Não é de hoje que as questões acerca do desempenho
escolar são pauta de discussões entre professores e profissionais da educação e
saúde.
Crianças e adolescentes que no curso de seu
desenvolvimento escolar, apesar de não apresentarem nenhum impedimento
cognitivo, transtorno de aprendizagem ou falhas sensoriais, não conseguem obter
o resultado esperado por pais e professores.
O que poderia estar acontecendo? Onde estaria o
cerne do problema? Estaria na escola? Na metodologia utilizada?
Muitas questões precisam ser analisadas quando se
fala de baixo desempenho acadêmico. Sabe-se que para a criança obter êxito na
escola é preciso que cresça aprendendo a se regular, a estabelecer estratégias
para alcançar suas metas, saber estudar e se organizar.

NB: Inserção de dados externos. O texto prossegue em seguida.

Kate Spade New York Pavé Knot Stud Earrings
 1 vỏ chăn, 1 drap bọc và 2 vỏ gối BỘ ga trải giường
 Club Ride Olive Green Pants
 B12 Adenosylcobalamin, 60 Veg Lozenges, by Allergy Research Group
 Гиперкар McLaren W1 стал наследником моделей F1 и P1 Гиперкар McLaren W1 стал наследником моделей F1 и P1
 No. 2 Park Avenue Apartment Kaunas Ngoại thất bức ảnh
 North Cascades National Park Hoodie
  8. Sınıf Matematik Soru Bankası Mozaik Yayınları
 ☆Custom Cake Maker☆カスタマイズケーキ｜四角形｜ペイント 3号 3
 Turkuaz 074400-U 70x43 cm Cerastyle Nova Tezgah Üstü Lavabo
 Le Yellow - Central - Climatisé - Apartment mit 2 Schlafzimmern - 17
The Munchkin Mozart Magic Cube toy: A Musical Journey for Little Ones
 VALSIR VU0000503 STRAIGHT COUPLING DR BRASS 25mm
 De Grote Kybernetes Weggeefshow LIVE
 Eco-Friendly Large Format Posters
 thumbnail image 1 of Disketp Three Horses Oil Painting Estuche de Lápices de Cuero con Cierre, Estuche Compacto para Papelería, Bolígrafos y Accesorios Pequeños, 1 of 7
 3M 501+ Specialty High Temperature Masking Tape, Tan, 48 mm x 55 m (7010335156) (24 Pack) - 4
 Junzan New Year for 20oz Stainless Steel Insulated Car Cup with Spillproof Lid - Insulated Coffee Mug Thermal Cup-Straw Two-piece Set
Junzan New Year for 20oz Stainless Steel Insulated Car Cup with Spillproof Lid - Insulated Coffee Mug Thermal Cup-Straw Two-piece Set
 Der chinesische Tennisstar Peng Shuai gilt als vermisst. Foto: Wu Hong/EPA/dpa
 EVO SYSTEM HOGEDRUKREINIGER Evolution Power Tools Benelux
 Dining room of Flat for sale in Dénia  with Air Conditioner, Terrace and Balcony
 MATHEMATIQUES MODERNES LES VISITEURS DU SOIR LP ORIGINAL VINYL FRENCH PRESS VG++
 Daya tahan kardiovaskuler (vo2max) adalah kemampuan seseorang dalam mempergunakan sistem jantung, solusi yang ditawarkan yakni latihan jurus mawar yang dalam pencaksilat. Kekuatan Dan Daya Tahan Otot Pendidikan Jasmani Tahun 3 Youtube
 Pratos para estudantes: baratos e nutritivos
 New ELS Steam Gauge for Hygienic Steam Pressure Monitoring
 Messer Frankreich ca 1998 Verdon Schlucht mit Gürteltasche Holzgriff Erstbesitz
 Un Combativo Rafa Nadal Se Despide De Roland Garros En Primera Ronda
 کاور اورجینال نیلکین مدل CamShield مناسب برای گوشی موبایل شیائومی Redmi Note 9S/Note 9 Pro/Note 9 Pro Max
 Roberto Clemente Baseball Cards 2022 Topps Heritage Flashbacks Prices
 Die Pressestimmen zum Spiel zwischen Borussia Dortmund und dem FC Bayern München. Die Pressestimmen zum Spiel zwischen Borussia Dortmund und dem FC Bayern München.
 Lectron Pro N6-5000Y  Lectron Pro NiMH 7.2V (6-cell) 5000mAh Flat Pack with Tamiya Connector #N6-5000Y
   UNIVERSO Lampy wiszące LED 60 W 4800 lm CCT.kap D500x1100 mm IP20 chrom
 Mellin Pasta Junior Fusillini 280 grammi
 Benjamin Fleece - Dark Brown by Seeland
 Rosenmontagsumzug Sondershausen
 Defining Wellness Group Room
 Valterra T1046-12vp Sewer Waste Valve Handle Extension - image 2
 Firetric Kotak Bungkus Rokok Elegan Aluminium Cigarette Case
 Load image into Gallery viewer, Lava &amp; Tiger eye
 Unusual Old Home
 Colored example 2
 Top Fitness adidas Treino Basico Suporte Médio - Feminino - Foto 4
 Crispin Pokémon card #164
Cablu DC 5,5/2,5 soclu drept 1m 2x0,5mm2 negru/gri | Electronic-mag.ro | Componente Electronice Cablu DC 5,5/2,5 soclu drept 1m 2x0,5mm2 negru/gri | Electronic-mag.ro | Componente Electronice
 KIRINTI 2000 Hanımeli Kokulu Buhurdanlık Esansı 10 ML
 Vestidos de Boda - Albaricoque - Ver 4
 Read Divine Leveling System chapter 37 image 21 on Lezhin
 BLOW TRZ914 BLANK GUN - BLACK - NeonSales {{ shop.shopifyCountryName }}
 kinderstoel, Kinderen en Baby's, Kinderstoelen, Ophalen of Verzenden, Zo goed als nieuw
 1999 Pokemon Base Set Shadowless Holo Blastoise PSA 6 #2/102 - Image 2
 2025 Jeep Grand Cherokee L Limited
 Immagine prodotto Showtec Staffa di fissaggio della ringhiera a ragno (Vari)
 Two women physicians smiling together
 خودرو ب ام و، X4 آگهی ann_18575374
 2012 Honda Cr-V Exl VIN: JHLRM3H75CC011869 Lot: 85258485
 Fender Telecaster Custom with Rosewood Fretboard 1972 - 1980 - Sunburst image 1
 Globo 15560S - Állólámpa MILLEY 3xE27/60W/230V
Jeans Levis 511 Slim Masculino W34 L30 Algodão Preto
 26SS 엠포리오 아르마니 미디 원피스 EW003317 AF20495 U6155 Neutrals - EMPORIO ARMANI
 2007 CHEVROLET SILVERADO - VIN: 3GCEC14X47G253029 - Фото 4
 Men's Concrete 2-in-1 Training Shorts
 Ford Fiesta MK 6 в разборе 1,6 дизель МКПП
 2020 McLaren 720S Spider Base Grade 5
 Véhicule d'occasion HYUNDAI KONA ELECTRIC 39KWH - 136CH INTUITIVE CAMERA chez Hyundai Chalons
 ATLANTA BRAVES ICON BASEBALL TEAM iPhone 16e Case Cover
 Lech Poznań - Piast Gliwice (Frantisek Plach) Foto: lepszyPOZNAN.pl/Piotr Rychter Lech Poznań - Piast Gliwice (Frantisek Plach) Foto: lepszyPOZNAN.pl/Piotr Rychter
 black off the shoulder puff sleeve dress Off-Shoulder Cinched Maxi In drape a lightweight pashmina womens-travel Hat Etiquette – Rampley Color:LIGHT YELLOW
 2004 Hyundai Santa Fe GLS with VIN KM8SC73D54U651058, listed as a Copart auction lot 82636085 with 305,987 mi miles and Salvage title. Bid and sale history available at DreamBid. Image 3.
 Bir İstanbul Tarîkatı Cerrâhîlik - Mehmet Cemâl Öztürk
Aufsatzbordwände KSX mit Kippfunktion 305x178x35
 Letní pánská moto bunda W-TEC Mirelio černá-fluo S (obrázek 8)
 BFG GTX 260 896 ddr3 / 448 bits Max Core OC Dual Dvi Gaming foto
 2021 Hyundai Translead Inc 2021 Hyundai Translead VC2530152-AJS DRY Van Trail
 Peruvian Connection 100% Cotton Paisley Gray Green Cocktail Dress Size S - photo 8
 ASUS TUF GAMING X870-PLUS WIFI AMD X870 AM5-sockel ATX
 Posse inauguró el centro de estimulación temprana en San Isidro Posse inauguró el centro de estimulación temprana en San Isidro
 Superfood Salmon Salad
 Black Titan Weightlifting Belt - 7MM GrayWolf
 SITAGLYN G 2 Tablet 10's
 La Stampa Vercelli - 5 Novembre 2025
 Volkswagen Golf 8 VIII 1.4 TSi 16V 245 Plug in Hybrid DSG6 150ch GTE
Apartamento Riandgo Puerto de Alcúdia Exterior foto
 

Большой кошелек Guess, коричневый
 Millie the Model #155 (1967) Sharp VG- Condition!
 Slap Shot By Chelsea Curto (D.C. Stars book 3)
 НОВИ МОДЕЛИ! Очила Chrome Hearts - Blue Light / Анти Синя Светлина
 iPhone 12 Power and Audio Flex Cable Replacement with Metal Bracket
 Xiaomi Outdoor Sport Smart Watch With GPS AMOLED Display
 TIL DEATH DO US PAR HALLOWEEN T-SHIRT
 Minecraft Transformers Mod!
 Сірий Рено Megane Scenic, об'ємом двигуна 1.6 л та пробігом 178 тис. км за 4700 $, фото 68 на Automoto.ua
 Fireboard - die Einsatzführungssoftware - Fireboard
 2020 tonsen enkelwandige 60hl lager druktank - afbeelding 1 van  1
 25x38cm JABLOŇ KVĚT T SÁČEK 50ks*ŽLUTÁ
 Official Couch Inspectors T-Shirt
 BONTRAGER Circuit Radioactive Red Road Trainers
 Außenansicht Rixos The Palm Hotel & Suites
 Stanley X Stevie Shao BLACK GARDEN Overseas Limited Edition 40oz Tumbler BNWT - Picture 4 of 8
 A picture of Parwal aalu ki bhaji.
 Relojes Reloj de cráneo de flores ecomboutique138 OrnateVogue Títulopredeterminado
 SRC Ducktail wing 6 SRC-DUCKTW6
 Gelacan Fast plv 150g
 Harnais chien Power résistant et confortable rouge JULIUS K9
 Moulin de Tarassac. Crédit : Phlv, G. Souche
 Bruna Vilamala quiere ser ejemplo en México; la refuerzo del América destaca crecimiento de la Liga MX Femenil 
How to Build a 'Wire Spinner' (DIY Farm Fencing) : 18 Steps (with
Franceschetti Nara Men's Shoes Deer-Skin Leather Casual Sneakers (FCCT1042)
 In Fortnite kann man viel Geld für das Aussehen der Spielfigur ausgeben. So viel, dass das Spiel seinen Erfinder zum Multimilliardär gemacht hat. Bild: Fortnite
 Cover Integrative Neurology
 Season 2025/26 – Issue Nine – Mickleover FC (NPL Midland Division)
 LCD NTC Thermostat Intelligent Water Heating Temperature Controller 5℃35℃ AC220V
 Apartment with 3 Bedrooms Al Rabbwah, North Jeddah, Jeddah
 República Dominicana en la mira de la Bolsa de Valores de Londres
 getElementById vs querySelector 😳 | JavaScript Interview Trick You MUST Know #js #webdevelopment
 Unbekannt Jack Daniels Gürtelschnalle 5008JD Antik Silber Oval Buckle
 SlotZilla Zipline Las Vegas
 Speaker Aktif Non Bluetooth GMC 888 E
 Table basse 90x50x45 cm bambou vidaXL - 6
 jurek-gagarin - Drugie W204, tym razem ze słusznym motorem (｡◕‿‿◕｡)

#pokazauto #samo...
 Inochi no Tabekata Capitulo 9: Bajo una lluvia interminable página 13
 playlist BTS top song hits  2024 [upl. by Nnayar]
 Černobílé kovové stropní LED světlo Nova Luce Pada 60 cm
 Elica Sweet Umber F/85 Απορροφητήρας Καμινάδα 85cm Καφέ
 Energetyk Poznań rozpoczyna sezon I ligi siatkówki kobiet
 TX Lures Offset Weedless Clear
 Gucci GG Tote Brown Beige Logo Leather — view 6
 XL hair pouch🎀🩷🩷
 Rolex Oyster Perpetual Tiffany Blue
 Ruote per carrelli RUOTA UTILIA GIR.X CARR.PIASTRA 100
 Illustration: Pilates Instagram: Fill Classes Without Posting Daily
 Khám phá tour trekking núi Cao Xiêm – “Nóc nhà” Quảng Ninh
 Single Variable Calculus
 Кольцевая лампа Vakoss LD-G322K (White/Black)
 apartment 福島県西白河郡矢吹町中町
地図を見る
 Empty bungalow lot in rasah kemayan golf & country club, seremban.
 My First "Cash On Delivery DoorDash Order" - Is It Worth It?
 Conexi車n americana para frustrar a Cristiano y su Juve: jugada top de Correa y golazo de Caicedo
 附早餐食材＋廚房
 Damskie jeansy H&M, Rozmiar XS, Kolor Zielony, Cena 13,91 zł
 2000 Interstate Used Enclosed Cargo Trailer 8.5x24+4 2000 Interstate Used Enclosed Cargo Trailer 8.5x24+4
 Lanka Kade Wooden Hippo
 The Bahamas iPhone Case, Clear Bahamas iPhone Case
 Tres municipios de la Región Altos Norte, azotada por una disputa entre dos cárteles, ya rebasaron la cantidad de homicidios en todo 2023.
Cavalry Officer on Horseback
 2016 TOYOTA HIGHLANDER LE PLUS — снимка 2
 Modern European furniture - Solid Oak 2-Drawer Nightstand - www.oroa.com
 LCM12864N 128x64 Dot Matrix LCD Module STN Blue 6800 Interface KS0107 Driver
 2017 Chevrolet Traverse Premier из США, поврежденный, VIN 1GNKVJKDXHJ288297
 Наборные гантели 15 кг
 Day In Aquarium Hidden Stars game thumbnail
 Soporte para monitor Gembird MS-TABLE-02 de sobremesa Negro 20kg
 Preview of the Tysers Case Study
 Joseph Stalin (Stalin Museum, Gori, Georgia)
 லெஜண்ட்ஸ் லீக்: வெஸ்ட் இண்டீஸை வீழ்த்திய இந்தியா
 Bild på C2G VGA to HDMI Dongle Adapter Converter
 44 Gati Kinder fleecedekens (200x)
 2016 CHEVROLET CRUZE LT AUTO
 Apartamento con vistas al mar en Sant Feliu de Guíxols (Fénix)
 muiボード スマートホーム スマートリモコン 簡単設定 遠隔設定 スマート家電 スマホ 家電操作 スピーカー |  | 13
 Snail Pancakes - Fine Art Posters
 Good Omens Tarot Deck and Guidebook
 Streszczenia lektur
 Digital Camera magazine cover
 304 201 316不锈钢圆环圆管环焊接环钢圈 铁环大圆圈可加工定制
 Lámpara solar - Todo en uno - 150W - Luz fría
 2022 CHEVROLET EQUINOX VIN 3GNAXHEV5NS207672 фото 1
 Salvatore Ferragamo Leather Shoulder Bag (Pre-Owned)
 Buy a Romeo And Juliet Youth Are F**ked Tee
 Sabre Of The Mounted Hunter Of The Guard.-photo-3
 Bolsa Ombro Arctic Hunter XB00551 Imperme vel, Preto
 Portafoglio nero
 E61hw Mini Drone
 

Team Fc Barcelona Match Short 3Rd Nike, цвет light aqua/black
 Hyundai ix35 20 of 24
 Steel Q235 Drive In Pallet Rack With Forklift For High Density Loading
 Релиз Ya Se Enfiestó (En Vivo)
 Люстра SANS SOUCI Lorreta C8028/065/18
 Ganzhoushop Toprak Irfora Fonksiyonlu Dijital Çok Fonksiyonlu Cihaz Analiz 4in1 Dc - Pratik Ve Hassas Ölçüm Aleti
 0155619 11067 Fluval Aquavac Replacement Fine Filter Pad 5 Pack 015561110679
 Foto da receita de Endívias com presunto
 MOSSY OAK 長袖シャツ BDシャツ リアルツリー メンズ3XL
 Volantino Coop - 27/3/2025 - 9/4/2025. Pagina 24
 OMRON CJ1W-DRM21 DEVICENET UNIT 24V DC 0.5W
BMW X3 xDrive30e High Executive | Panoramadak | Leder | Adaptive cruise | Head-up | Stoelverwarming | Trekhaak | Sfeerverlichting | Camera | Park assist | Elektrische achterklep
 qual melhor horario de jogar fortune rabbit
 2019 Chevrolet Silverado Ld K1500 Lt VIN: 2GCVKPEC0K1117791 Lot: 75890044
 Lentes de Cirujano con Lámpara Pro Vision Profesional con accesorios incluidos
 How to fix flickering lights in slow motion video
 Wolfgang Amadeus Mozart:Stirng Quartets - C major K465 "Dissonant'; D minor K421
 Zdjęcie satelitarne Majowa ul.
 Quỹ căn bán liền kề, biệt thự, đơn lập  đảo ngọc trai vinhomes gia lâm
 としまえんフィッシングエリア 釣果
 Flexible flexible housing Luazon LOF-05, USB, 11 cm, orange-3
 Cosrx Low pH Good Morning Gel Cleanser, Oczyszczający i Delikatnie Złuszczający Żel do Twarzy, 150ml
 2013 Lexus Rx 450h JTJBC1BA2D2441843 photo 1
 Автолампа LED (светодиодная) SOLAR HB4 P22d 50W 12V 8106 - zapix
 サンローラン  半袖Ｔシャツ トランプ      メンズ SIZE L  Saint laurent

Aprender a ter autonomia constitui um fator
primordial para crescer independente, organizado e ter metacognição, isso quer
dizer que é preciso que o indivíduo tenha conhecimento sobre suas capacidades,
percepção, avaliação, regulação comportamental e refletir sobre suas ações: é
aprender a aprender. RIBEIRO (2003)
Mas, hoje em dia, com a demanda diária do fazer dos
pais e cuidadores da criança, com o apressamento da vida que estamos expostos,
a criança tende a ter tudo pronto, tudo muito arrumado para que seus cuidadores
não percam tempo, e com isso, habilidades que iriam desenvolver a autonomia da
criança ficam como que “adormecidas” e ela passa a ter um comportamento
passivo, a não ter que se preocupar com nada, com suas necessidades mais
básicas pois tem quem faça por ela, rápido, pois não há tempo a perder. Por
outro lado, temos ainda a carência de tempo dos pais com seus filhos, que
acabam por fazer todas as suas vontades, por conta de sentirem-se tão ausentes.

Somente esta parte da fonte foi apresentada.